## PROBLEM STATEMENT
All of the data below should be repeated exactly. Pictures should not be included.

## SOURCE MATERIAL

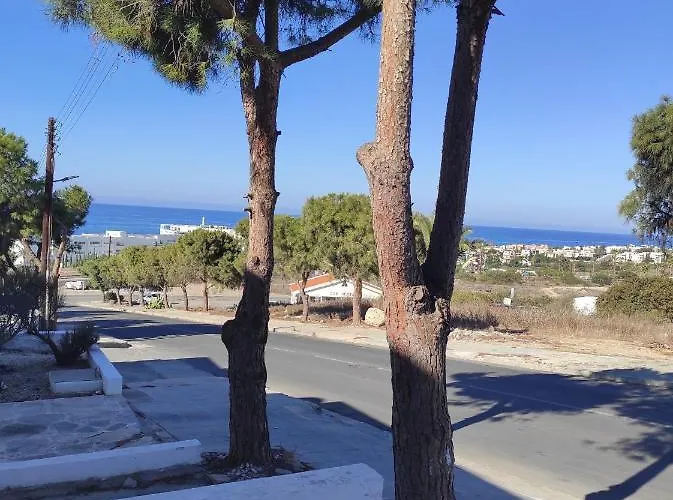 Ikaria Village Cosy Appts Klorakas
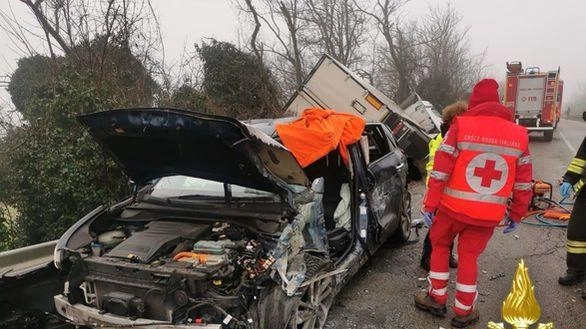 Schianto ieri alle 9 lungo la provinciale 140 tra Tavazzano e Lodivecchio: coinvolti una vettura e un camion con tre... Schianto ieri alle 9 lungo la provinciale 140 tra Tavazzano e Lodivecchio: coinvolti una vettura e un camion con tre...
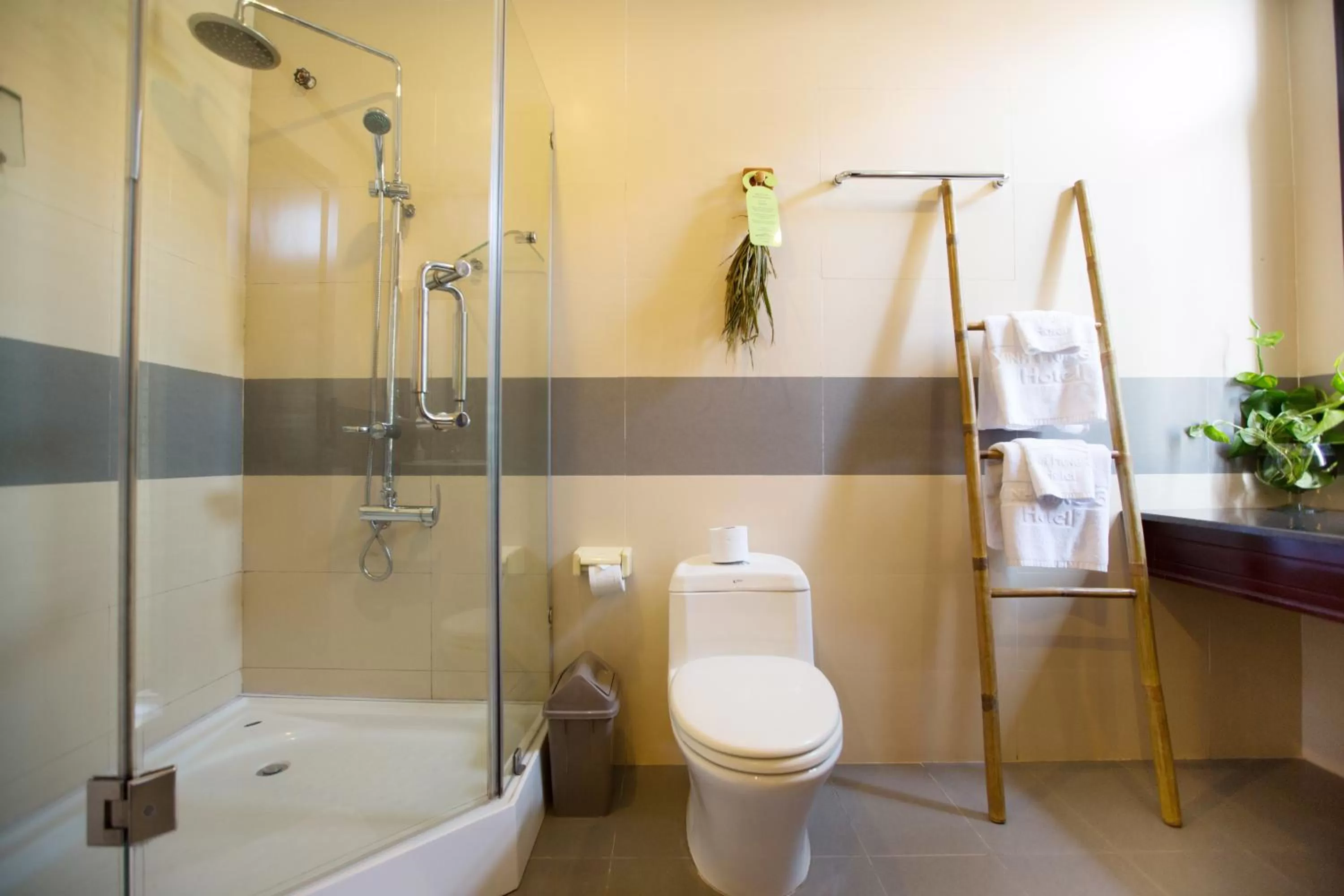 Bathroom in Hoi An Pho Library Hotel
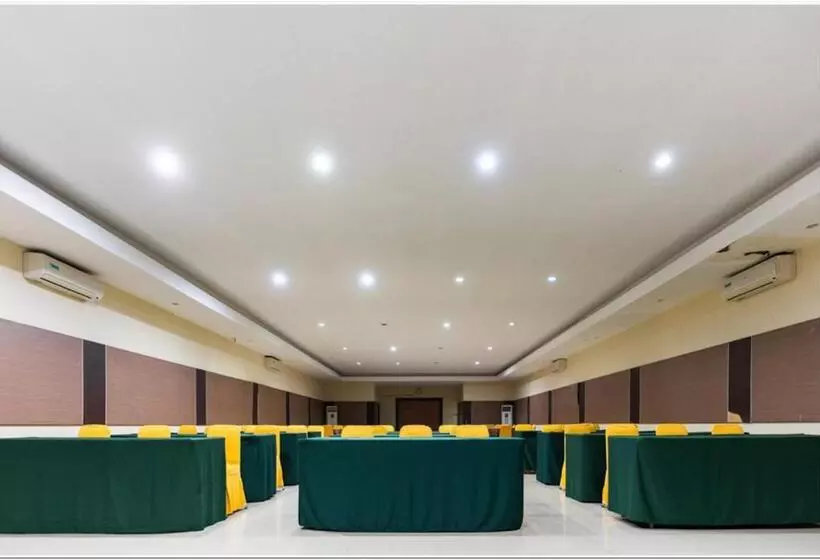 ペンション Reddoorz Plus @ Hertasning Area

## SOLUTION BELOW
 Ikaria Village Cosy Appts Klorakas
 Schianto ieri alle 9 lungo la provinciale 140 tra Tavazzano e Lodivecchio: coinvolti una vettura e un camion con tre... Schianto ieri alle 9 lungo la provinciale 140 tra Tavazzano e Lodivecchio: coinvolti una vettura e un camion con tre...
 Bathroom in Hoi An Pho Library Hotel
 ペンション Reddoorz Plus @ Hertasning Area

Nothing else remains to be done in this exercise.